As an aside, there's nothing special about frozenset, even creating a set from a set has O(n) time complexity:

for i in [10**5, 10**6, 10**7]:
    a = set(range(i))
    %timeit set(a)

100 loops, best of 3: 3.33 ms per loop
10 loops, best of 3: 30.2 ms per loop
1 loop, best of 3: 421 ms per loop   
4
Chris Bouchard On

While the complexity doesn't change, the runtime is different depending whether the input to the frozenset initializer is an iterator, list, tuple, or set.

I ran the following shell script in ZSH:

for i in 5 6 7
do
    for f in '' 'list' 'tuple' 'set'
    do
        echo "i=$i f=$f"
        python -m timeit -s "x=$f(range(10**$i))" 'frozenset(x)'
    done
done

Which produced the following results on my laptop using Python 3.11.2:

i=5 f=
100 loops, best of 5: 2.37 msec per loop
i=5 f=list
200 loops, best of 5: 1.31 msec per loop
i=5 f=tuple
200 loops, best of 5: 1.41 msec per loop
i=5 f=set
500 loops, best of 5: 609 usec per loop
i=6 f=
10 loops, best of 5: 25.6 msec per loop
i=6 f=list
20 loops, best of 5: 14.4 msec per loop
i=6 f=tuple
20 loops, best of 5: 14.5 msec per loop
i=6 f=set
50 loops, best of 5: 5.97 msec per loop
i=7 f=
1 loop, best of 5: 256 msec per loop
i=7 f=list
2 loops, best of 5: 144 msec per loop
i=7 f=tuple
2 loops, best of 5: 148 msec per loop
i=7 f=set
5 loops, best of 5: 76.4 msec per loop

It was consistently fastest to initialize the frozenset from an input set; initializing from a list and tuple were about tied; and initializing directly from the range iterator was slowest (probably because it was including the iteration, which happened during setup for the others).

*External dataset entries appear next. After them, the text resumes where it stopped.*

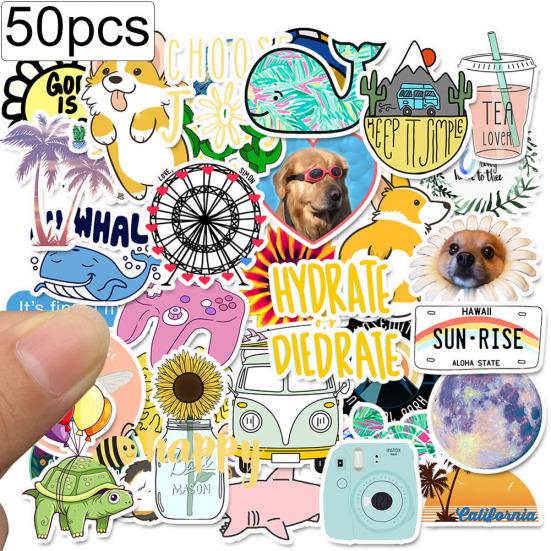 50Pcs Dog Whale Stickers Balloon Bus Scrapbook Luggage DIY Diary Decal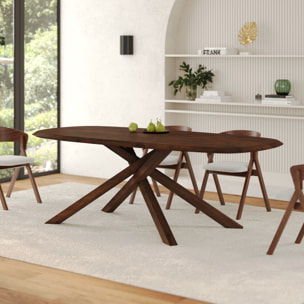 Table rectangulaire en bois d'hévéa massif foncé 10 personnes - Aladin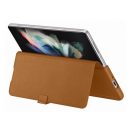 Samsung Galaxy Z Fold3 5G Leather Flip Cover, gyári bőr flip tok, barna, EF-FF926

This indicates to me that frozenset might be able to reuse more of the state of a set—even if it has to make a copy to remain immutable. For other iterable types, frozenset may have to build its state from scratch.


One of the comments suggested that it might just be that a set's iterator is faster than the iterator for a tuple or list. Here's the same script, but this time simply iterating rather than building a frozenset:

for i in 5 6 7
do
    for f in '' 'list' 'tuple' 'set'
    do
        echo "i=$i f=$f"
        python -m timeit -s "x=$f(range(10**$i))" 'for _ in x: pass'
    done
done

And here are the results:

i=5 f=
200 loops, best of 5: 1.52 msec per loop
i=5 f=list
500 loops, best of 5: 419 usec per loop
i=5 f=tuple
1000 loops, best of 5: 359 usec per loop
i=5 f=set
500 loops, best of 5: 688 usec per loop
i=6 f=
20 loops, best of 5: 15 msec per loop
i=6 f=list
50 loops, best of 5: 4.34 msec per loop
i=6 f=tuple
100 loops, best of 5: 3.64 msec per loop
i=6 f=set
50 loops, best of 5: 6.3 msec per loop
i=7 f=
2 loops, best of 5: 147 msec per loop
i=7 f=list
5 loops, best of 5: 43.5 msec per loop
i=7 f=tuple
5 loops, best of 5: 38.1 msec per loop
i=7 f=set
5 loops, best of 5: 58.4 msec per loop

(Note: This was run on a different machine than the previous result, so the absolute numbers are probably not comparable. I did test to make sure the previous result still holds. All we care about in the following are the relative results.)

Simply iterating over a set was significantly slower than iterating over a list or a tuple. That makes complete sense to me—lists and tuples are backed by arrays, so you really can't do much better for iterating.

Even if sets are also stored as arrays, they'll be sparse due to hashing. Python presumably either keeps a separate internal list for iteration, or skips the empty slots.

Yet, despite being slower to iterate, it's still faster to initialize a frozenset from a set.